BRIEF:
Once the line holding "Destinazione casa vacanze" is found, output it and all remaining lines of the data exactly, with every picture left out.

(ENTRIES SUPPLIED Opens)

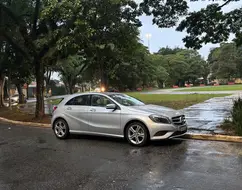MERCEDES-BENZ CLASSE A 1.6 200 TURBO URBAN GASOLINA 4P AUTOMATIZADO MERCEDES-BENZ CLASSE A 1.6 200 TURBO URBAN GASOLINA 4P AUTOMATIZADO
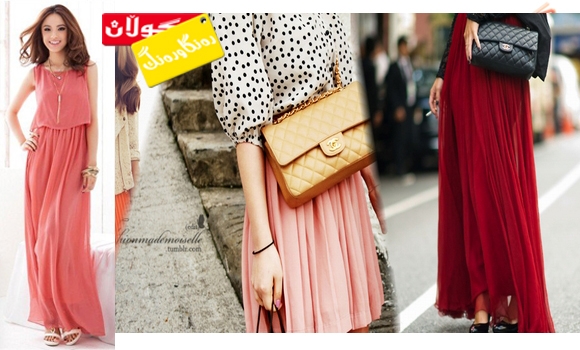 تەنوورەی درێژ مۆدەی هاوینی 2012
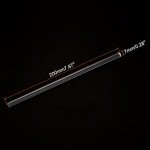 Borosilicate Glass Stir Rods - 6 Pack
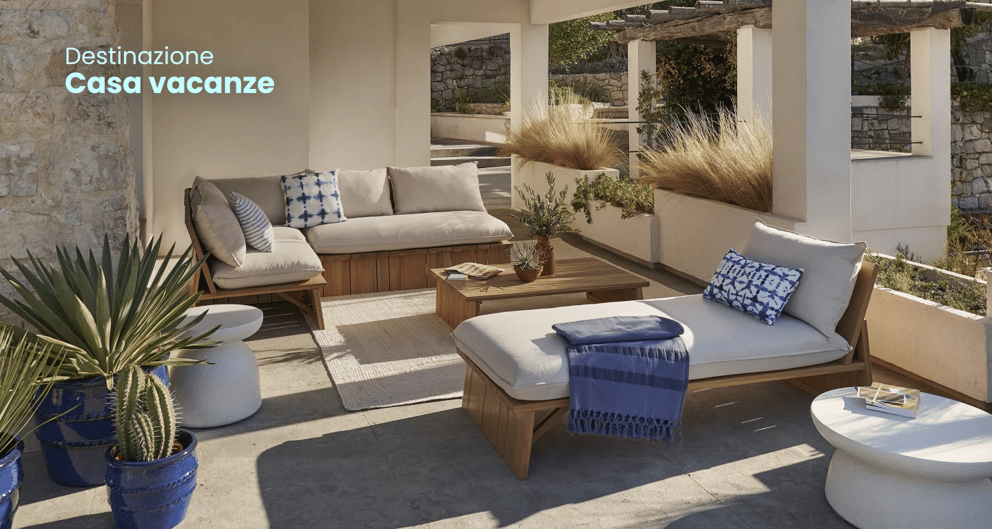 Destinazione casa vacanze
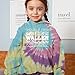 Youth Hoodie Wallen Wallen Wallen Small Tie-Dye Jellybean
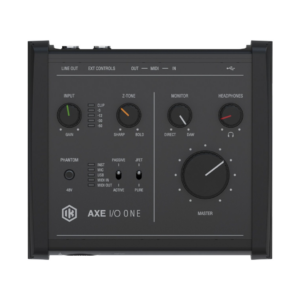 IK Multimedia AXE I/O ONE Interfaz de audio para músicos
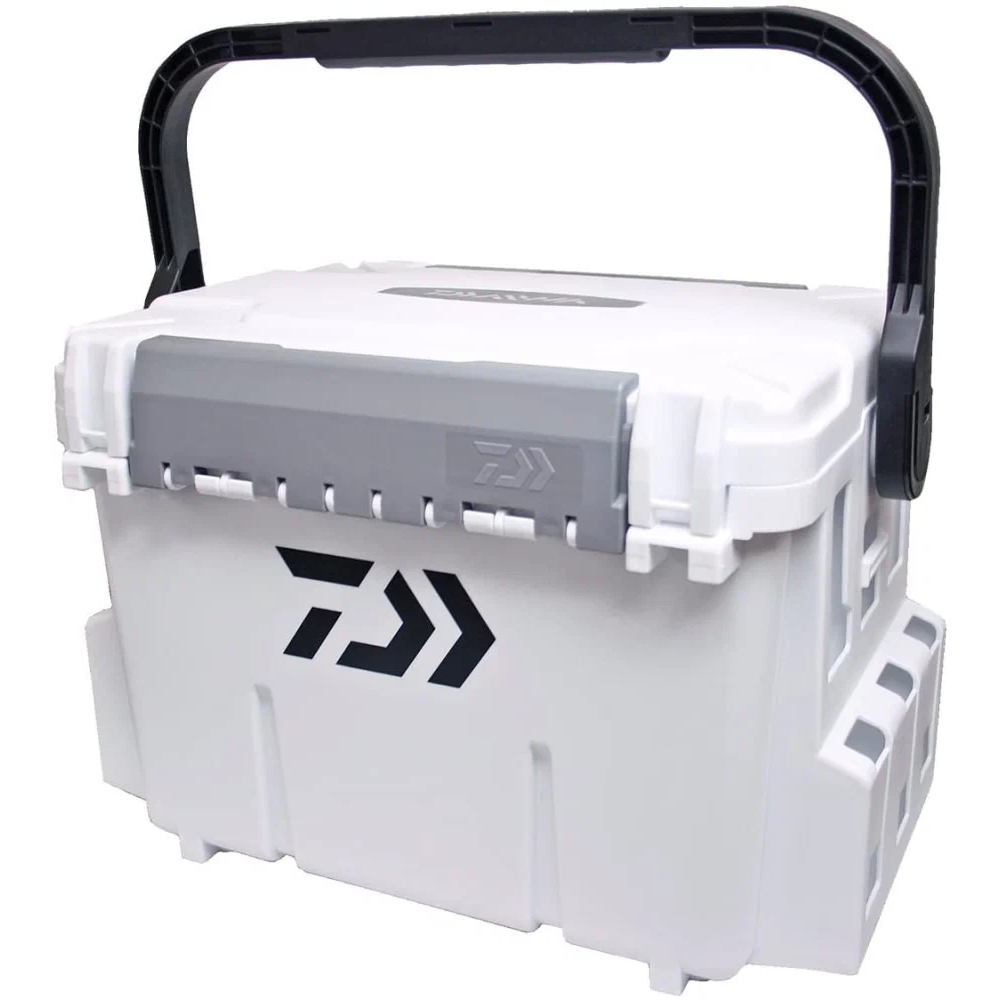 Купить Ящик рыболовный Daiwa Tackle Box TB7000 White в интернет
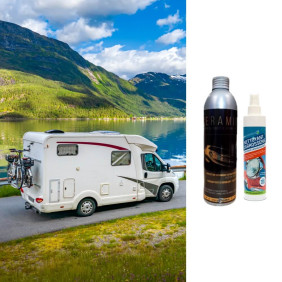 Kit protection anti-vieillissement coque de Camping-car & Caravanes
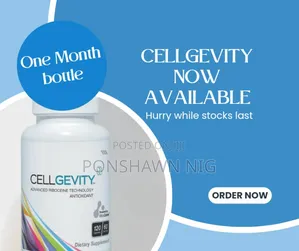 Photo - Cellgevity 120 Capsule Bottle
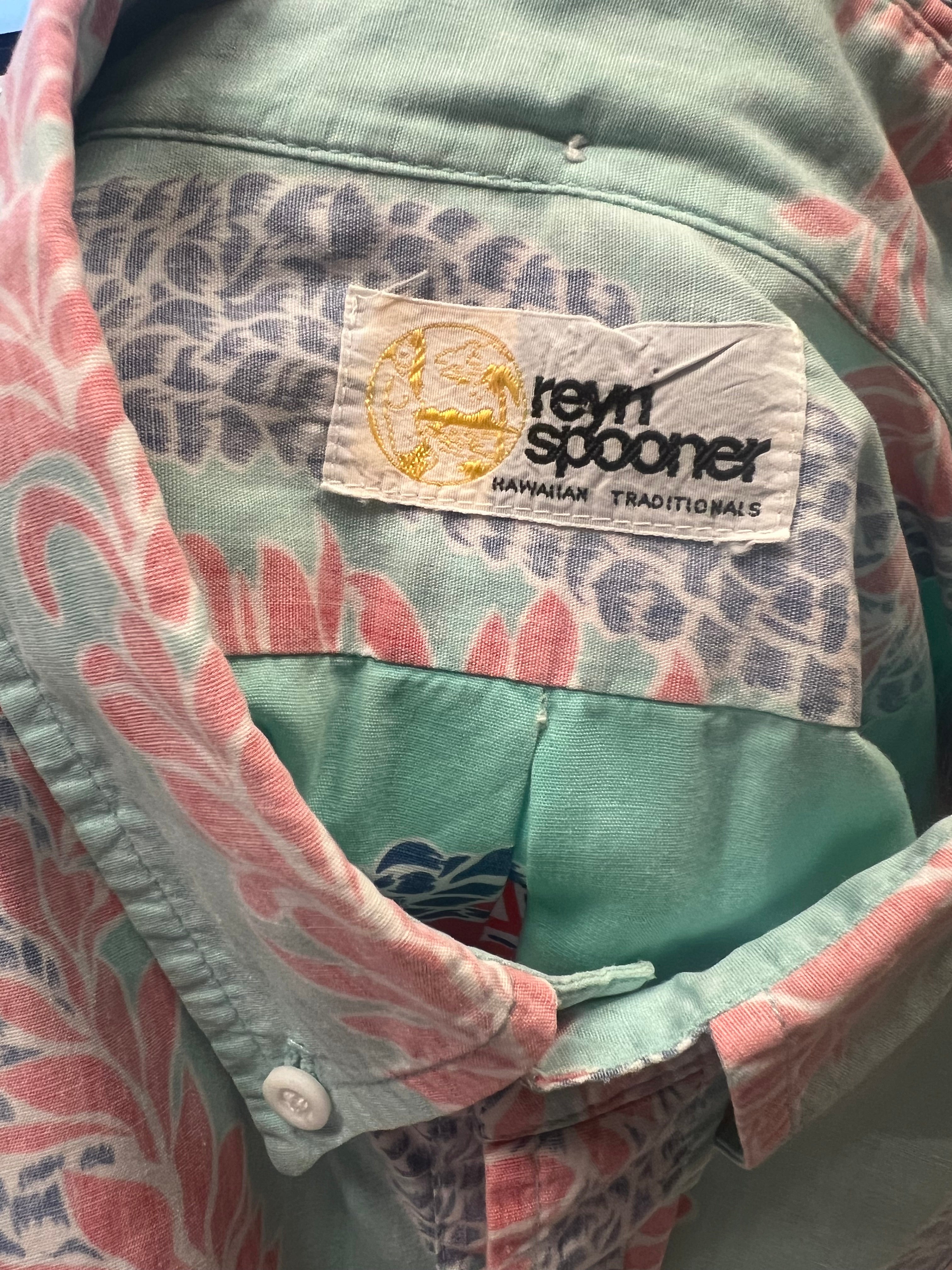 No.34  Reyn Spooner  size.M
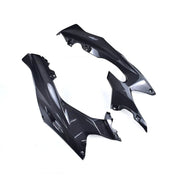 YAMAHA R6 (Side Fairing Upper Mid) Dry Carbon by CARBONISE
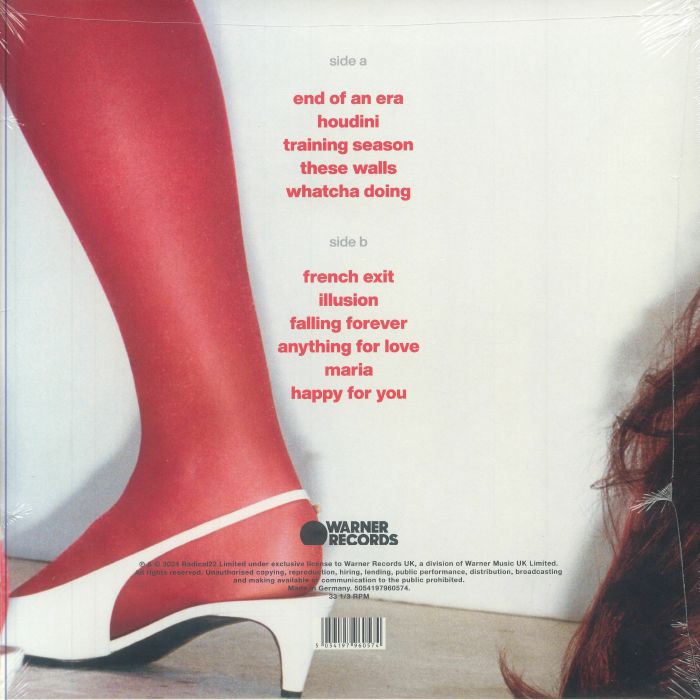 Radical Optimism (Alternate Sleeve) - Dua Lipa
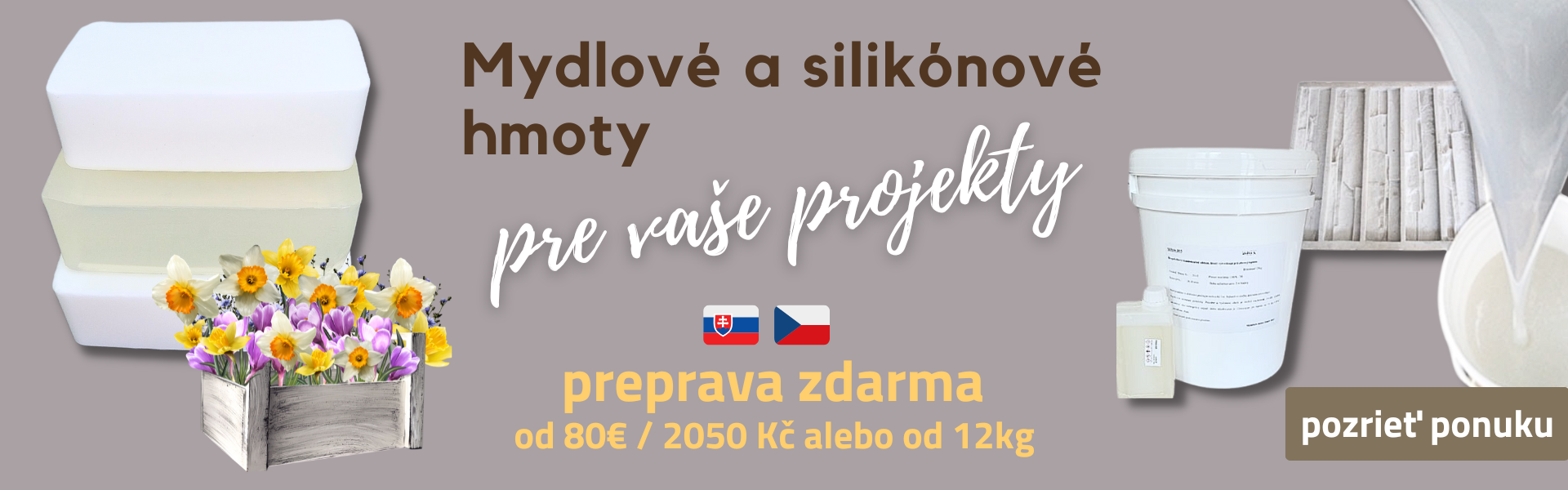 Mydlové hmoty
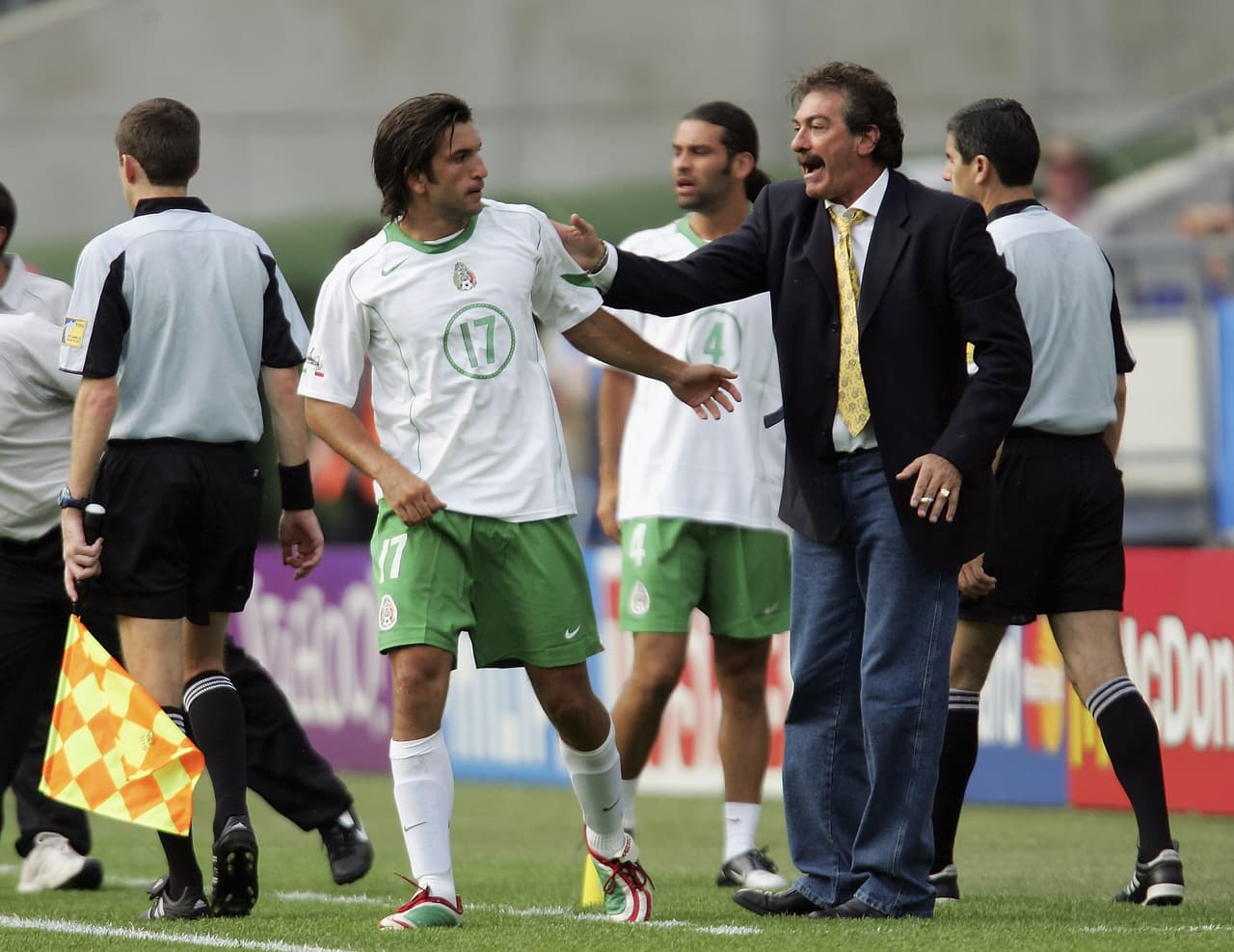 Al parecer, La Volpe se guardaba para sí mismo sus cábalas y a los jugadores solamente les daba indicaciones tácticas.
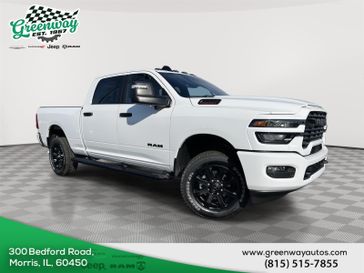 New 2026 RAM 2500 Big Horn Crew Cab 4x4 6'4' Box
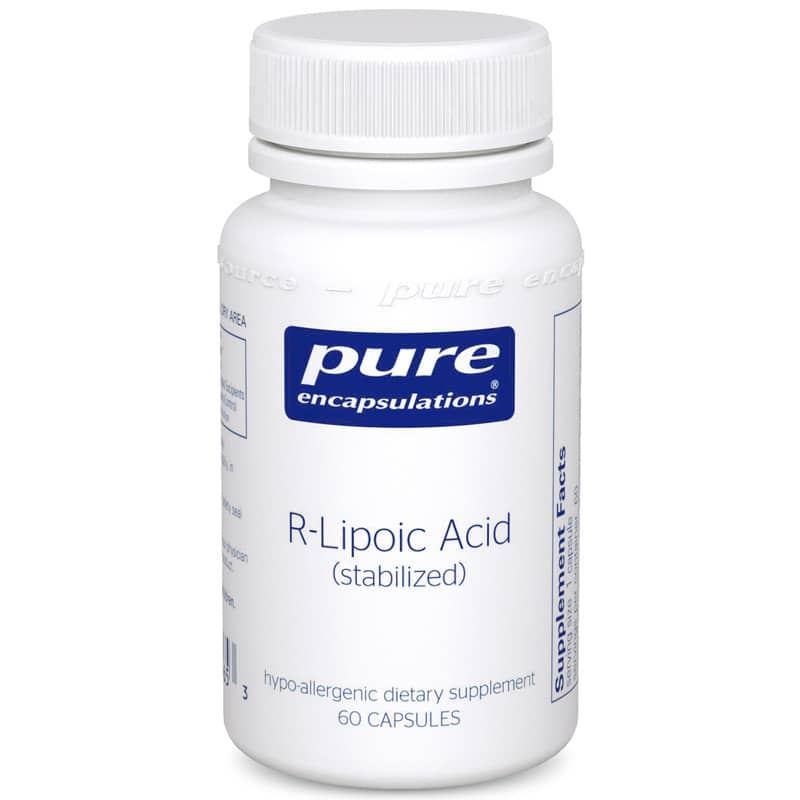 Pure Encapsulations R-Lipoic Acid (stabilized) 60 Capsules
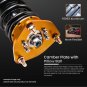 MaXpeedingrods Adjustable Coilover Struts Shocks For Nissan S13 240SX 1989-94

(ENTRIES SUPPLIED Closes)

SOLUTION TO THE PROBLEM:
 Destinazione casa vacanze
 Youth Hoodie Wallen Wallen Wallen Small Tie-Dye Jellybean
 IK Multimedia AXE I/O ONE Interfaz de audio para músicos
 Купить Ящик рыболовный Daiwa Tackle Box TB7000 White в интернет
 Kit protection anti-vieillissement coque de Camping-car & Caravanes
 Photo - Cellgevity 120 Capsule Bottle
 No.34  Reyn Spooner  size.M
 YAMAHA R6 (Side Fairing Upper Mid) Dry Carbon by CARBONISE
 Radical Optimism (Alternate Sleeve) - Dua Lipa
 Mydlové hmoty
 Al parecer, La Volpe se guardaba para sí mismo sus cábalas y a los jugadores solamente les daba indicaciones tácticas.
 New 2026 RAM 2500 Big Horn Crew Cab 4x4 6'4' Box
 Pure Encapsulations R-Lipoic Acid (stabilized) 60 Capsules
 MaXpeedingrods Adjustable Coilover Struts Shocks For Nissan S13 240SX 1989-94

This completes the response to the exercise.